Je ne crois pas devoir passer en revue les situations de conflit que l’humanité vit aujourd’hui en Orient et en Occident, ni énumérer les fruits amers récoltés par l’homme du XXIe siècle en termes de guerres, d’effusions de sang, de destructions, de pauvreté voire de perte d’enfants et de parents, d’épouses et d’époux, de persécutions et de craintes face à un avenir incertain. Il est toutefois important de signaler que la cause de ces tragédies est l’absence de justice sociale, que Dieu a mise sur cette terre comme loi de stabilité des sociétés et facteur d’équilibre pour l’homme, en tant que corps et esprit, et sans laquelle les sociétés humaines se transforment en quelque chose qui ressemble à une jungle.
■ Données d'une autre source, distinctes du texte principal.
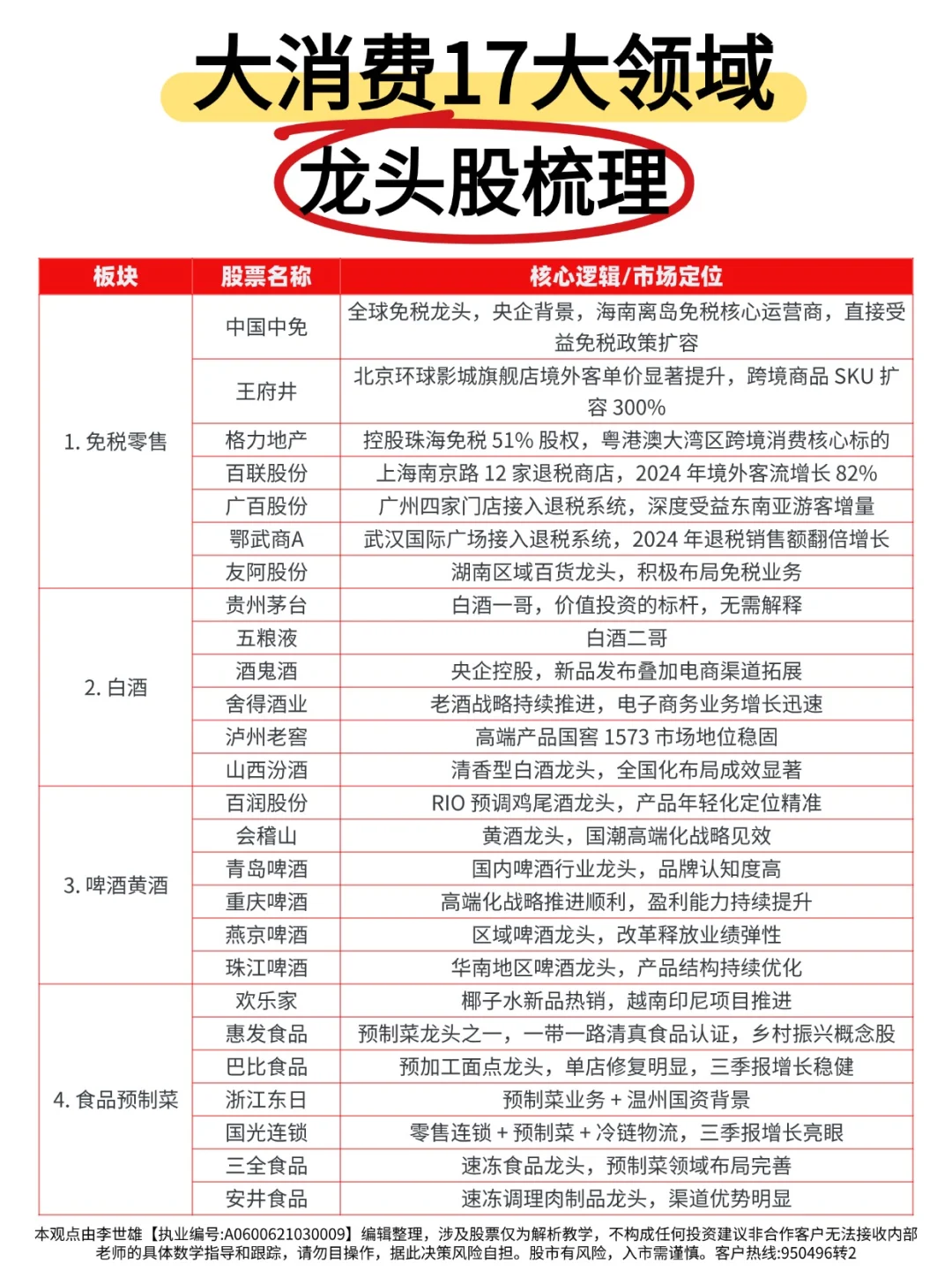 大消费17大领域龙头股梳理!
Sans parler des victimes des guerres produites par l’« économie de marché », l’accumulation de richesses, l’avidité de possession et de consommation, le commerce d’armes lourdes et dévastatrices et leur exportation vers les pays du Tiers-monde, avec tout ce que cela comporte en termes de conflits sectaires et confessionnels, d’incitation au chaos et à la déstabilisation.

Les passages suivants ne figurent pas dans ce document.